> Exercise: Omit every picture while repeating the entries exactly.

> Image-text web data:
━━━━

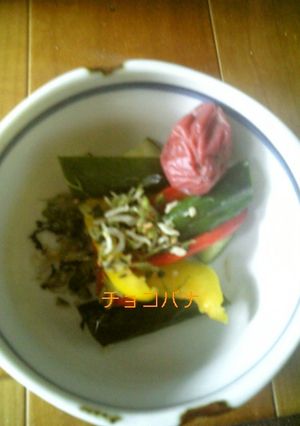 ささっとお漬物☆-レシピのメイン写真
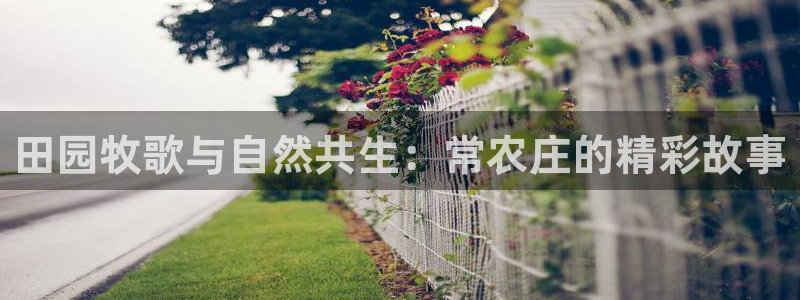 金年会体育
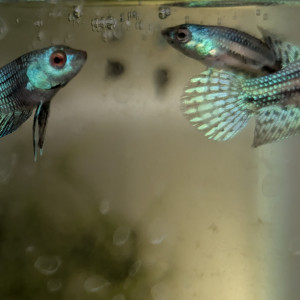 Combattants betta alien green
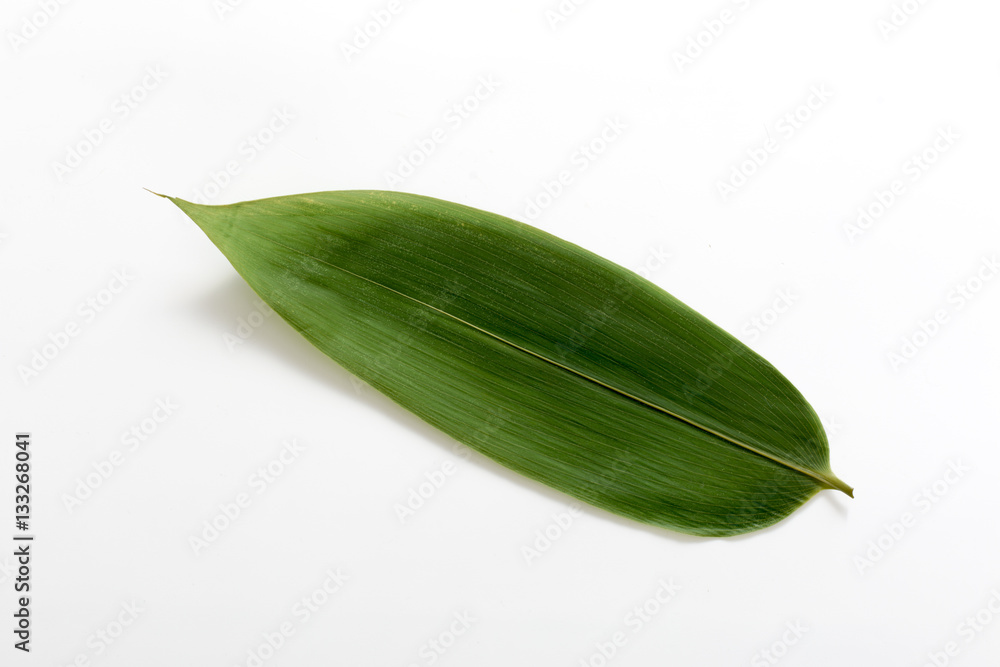 Naklejka premium 笹の葉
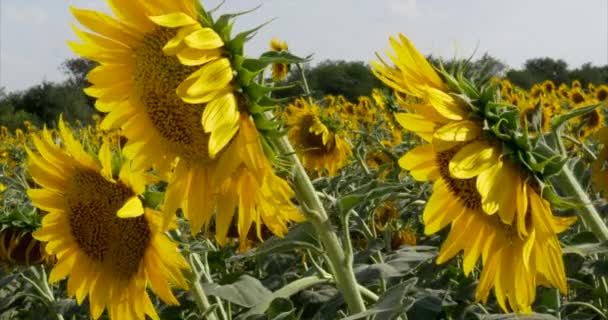 Tournesols dans le champ Balancer dans le vent.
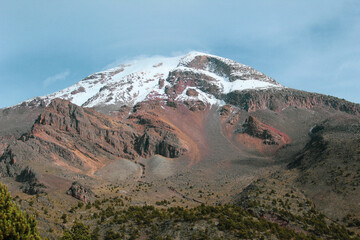 Alpine treeline of Pinus hartwegii in Pico de Orizaba National Park, marking the upper forest limit before alpine tundra, thriving in extreme high-altitude conditions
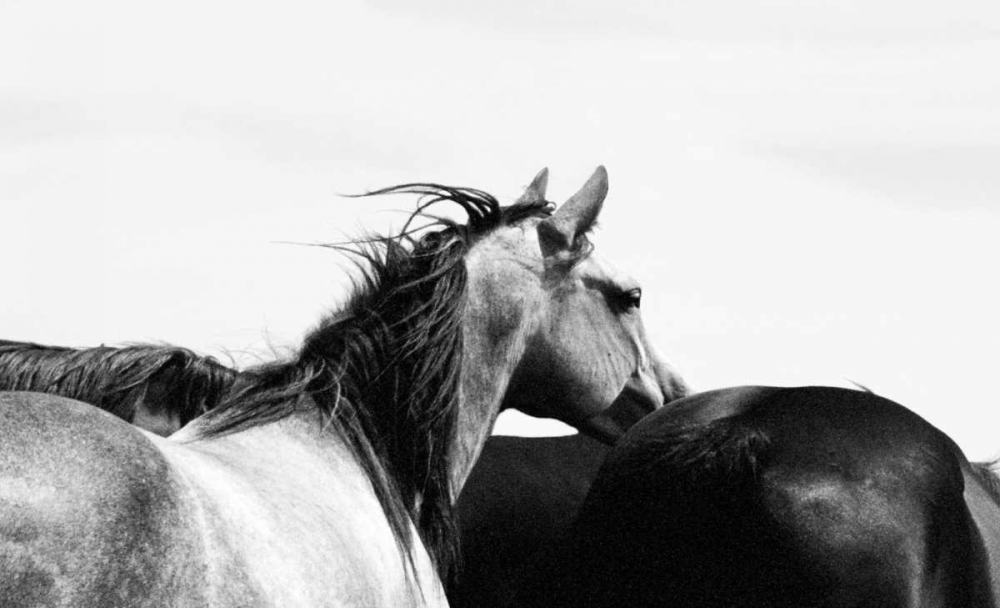 Wild Whispers I art print by Peggy Corpeny for $57.95 CAD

━━━━

> Solution for this task:
 ささっとお漬物☆-レシピのメイン写真
 金年会体育
 Combattants betta alien green
 Naklejka premium 笹の葉
 Tournesols dans le champ Balancer dans le vent.
 Alpine treeline of Pinus hartwegii in Pico de Orizaba National Park, marking the upper forest limit before alpine tundra, thriving in extreme high-altitude conditions
 Wild Whispers I art print by Peggy Corpeny for $57.95 CAD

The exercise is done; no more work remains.